### What the task requires:
Extract the records in full, leaving every picture out.
═════ Input ═════
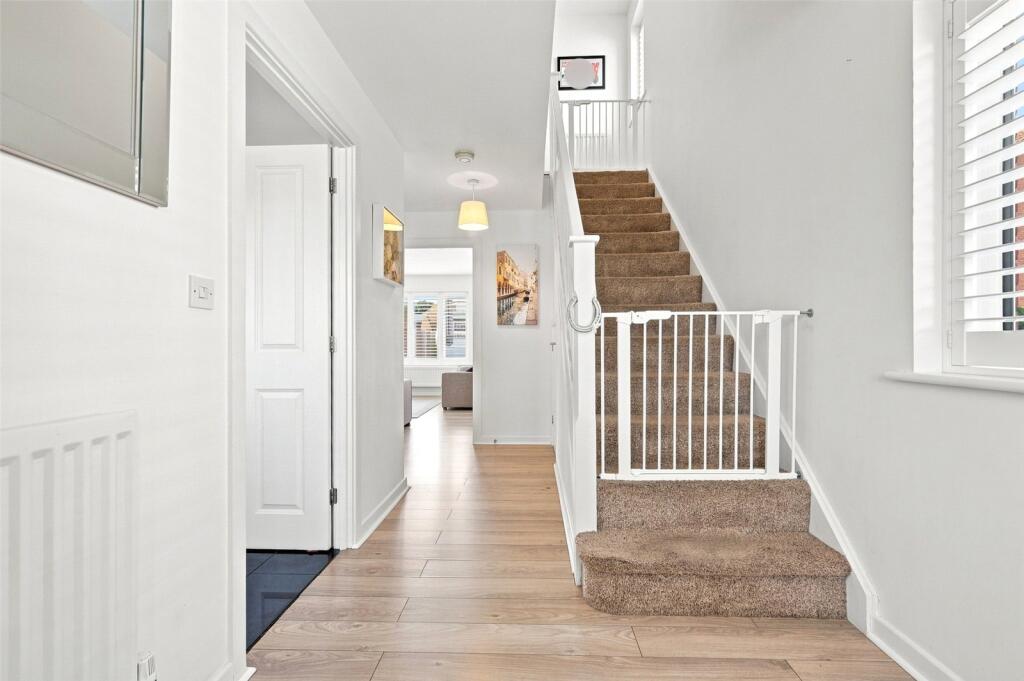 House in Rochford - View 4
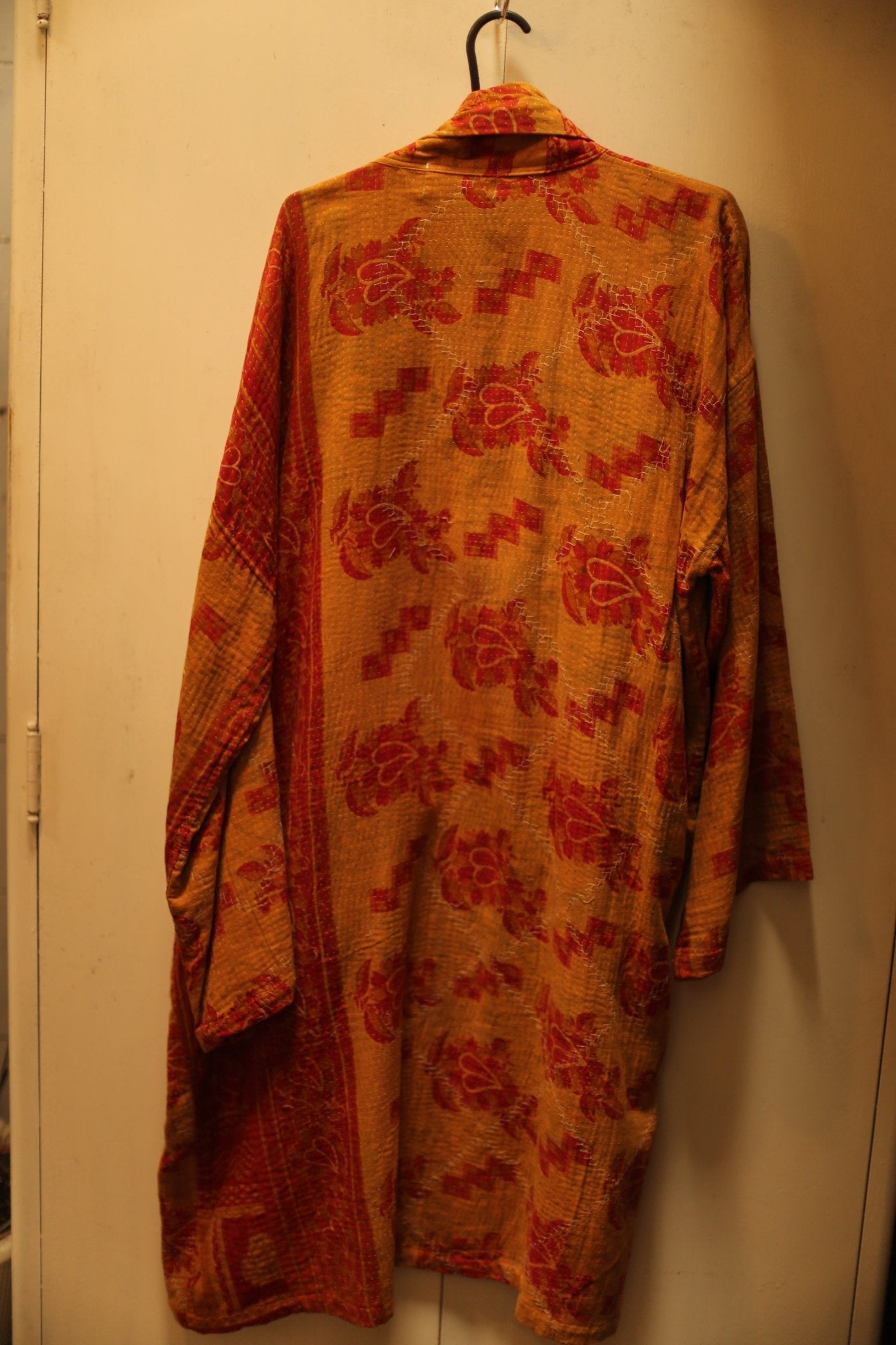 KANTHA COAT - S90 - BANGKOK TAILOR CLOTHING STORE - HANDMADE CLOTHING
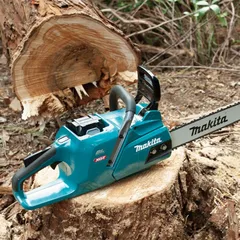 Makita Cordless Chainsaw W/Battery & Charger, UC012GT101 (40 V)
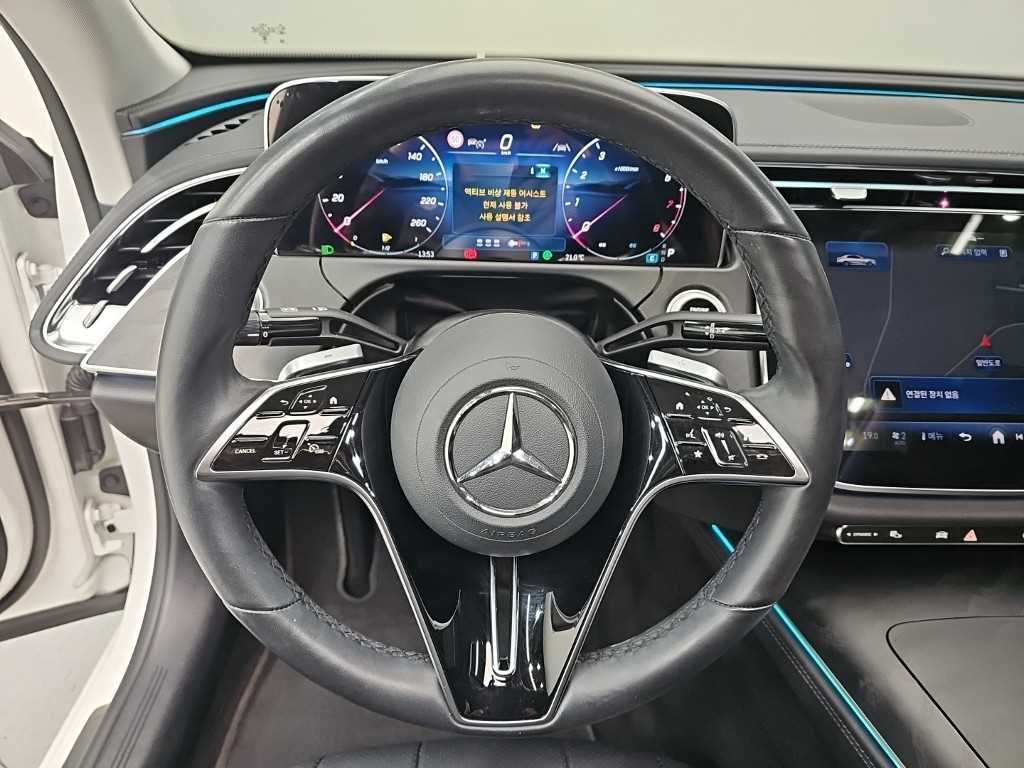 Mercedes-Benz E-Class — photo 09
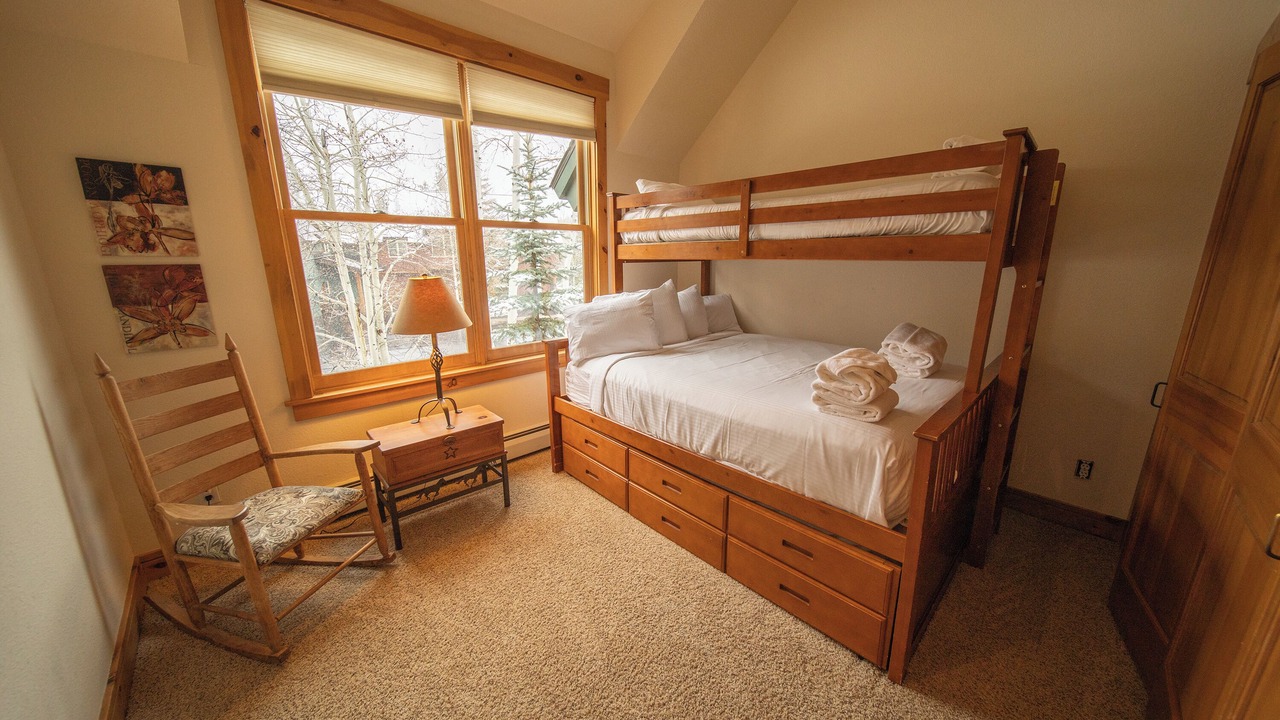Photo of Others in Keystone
═════
### Answer box:
 House in Rochford - View 4
 KANTHA COAT - S90 - BANGKOK TAILOR CLOTHING STORE - HANDMADE CLOTHING
 Makita Cordless Chainsaw W/Battery & Charger, UC012GT101 (40 V)
 Mercedes-Benz E-Class — photo 09
Photo of Others in Keystone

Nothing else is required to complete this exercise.